It's pretty certain that we won't be using "visibilitychange" on our use case and I'm not sure it's the right event to recommend on the Beacon API documentation.


@philipwalton commented on Sun Oct 25 2020

@tipiirai please provide a repo, otherwise it's impossible to say what could be causing the failure you're seeing. I just tried creating a demo using window.open() (presumably that's what you were using since you mentioned "opener"), and it worked fine in both Chrome and Firefox.

Note, I didn't try using postMessage to inform the opening window, but I did try using sendBeacon() (since that's the issue we're discussing), and it worked fine.

It's pretty certain that we won't be using "visibilitychange" on our use case and I'm not sure it's the right event to recommend on the Beacon API documentation.

If there are bugs with visibilitychange then we can fix those bugs and we can recommend workarounds (e.g. there is a bug in Chrome <=85 where visibilitychange and pagehide won't fire when closing a tab if an unload or beforeunload event isn't registered), but we definitely cannot recommend using beforeunload and unload as a reliable end-of-session signal because (as already explained in this issue) there are numerous cases where the expectation is those events will not fire.

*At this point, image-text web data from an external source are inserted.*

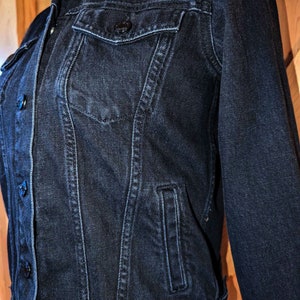 May include: A dark blue denim jacket with a button closure and multiple pockets.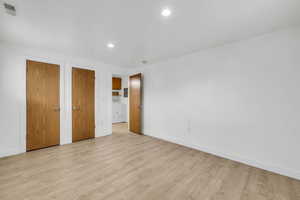 Unfurnished bedroom featuring multiple closets, light wood-type flooring, and washer / clothes dryer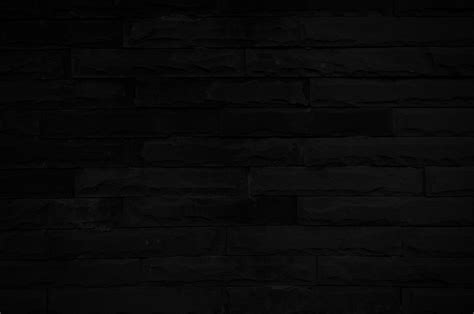 Old Black Brick Wall Texture For Background With Copy Space For Design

@tipiirai commented on Tue Oct 27 2020

Here are the steps to repeat the issue:

  1. Create a page that informs another tab (or a server) when a "visibilitychange" event occurs
  2. Close that page when it is on the background (behind a new tab)
  3. See that the server or another tab never received the event

This is probably what you expected to happen since you mentioned earlier that none of the events can capture the unloading of the page when the tab is in the background. However, I realized that the unload and beforeunload are fired on the browsers I tested.

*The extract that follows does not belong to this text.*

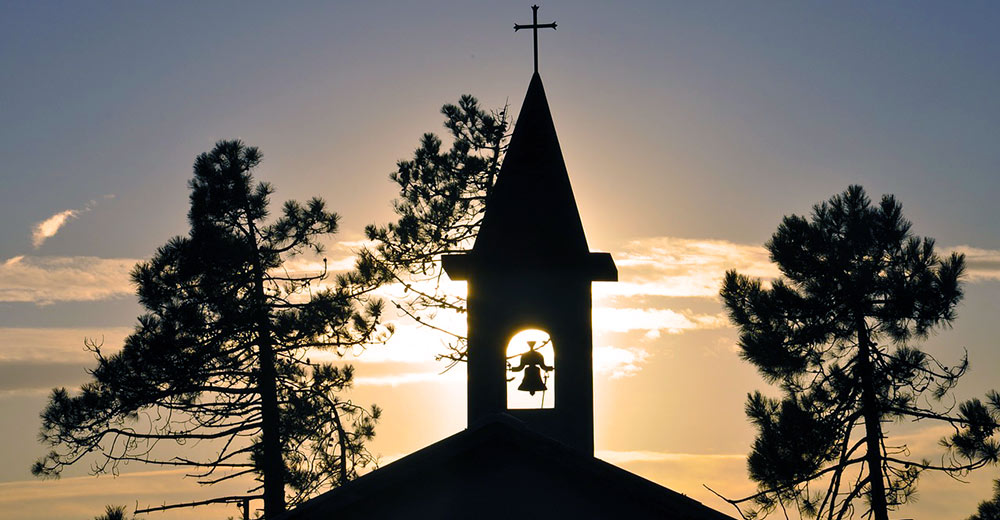 church at sunset with its bell tower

edit: I'm using Chrome 86.0.4 on OSX.


@philipwalton commented on Tue Oct 27 2020

  1. Close that page when it is on the background (behind a new tab)

If the page was already in the background, then I wouldn't expect the visibilitychange event to fire when the tab is closed because the visibilitychange event should have already fired when it was backgrounded.

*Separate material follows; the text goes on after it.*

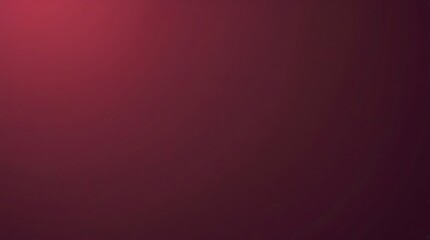 Abstract gradation of maroon and burgundy colors forming a smooth and elegant background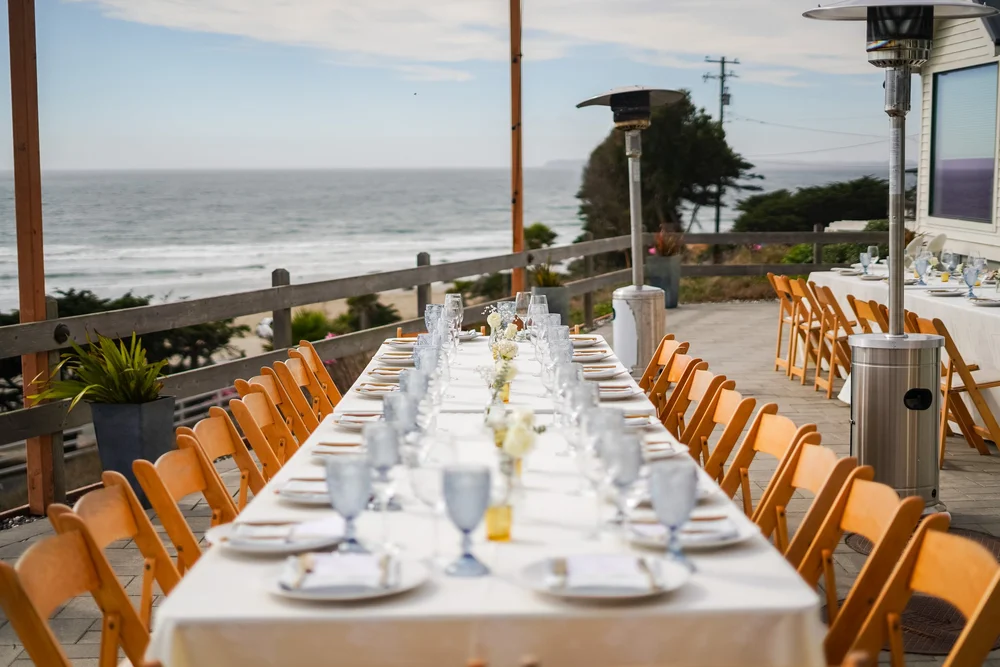 A long outdoor dining table set with white tablecloths, glassware, and floral centerpieces overlooking the ocean with a beach and sky in the background.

If you want to specifically listen for the page being unloaded then you can listen for the pagehide event, but the point I've been arguing in this issue is that listening for a page to be backgrounded is more reliable than listening for it to be unloaded.


@tipiirai commented on Wed Oct 28 2020

Three things that I have trouble understanding on the visibilitychange recommendation:

  1. There is a common browsing habit of opening multiple background tabs with CMD- key pressed. There's even a name for it: "page parking". We cannot build a solid analytics service without knowing when a page was never opened or read. visibilitychange is useless in page parking.

  2. Would XHR work equally with visibilitychange? Does sendBeacon give any added value compared to the more versatile and flexible XHR? What exactly?

  3. Is there any evidence on the unload and beforeunload event not fired on browsers where they are supported? Where?


@philipwalton commented on Tue Nov 24 2020

  1. There is a common browsing habit of opening multiple background tabs with CMD- key pressed. There's even a name for it: "page parking". We cannot build a solid analytics service without knowing when a page was never opened or read. visibilitychange is useless in page parking.

As I mentioned above, you case use a combination of the pagehide and visibilitychange events to handle this case. But note that (again, as I mentioned above) pagehide cannot always be reliably fired in all cases, especially on mobile if a tab is backgrounded.

  1. Would XHR work equally with visibilitychange? Does sendBeacon give any added value compared to the more versatile and flexible XHR? What exactly?

No, XHR is not reliable when the page is unloading. Since the visibilitychange event will sometimes fire when the page is unloading, XHR would likely not work in many of those cases, whereas the sendBeacon() API likely would.

  1. Is there any evidence on the unload and beforeunload event not fired on browsers where they are supported? Where?

Yes, Chrome has now shipped bfcache, which means it will not fire the unload event when a user navigates away from a page—if that page is able to be cached. This behavior matches the current Safari behavior, which has been the way it is for several years.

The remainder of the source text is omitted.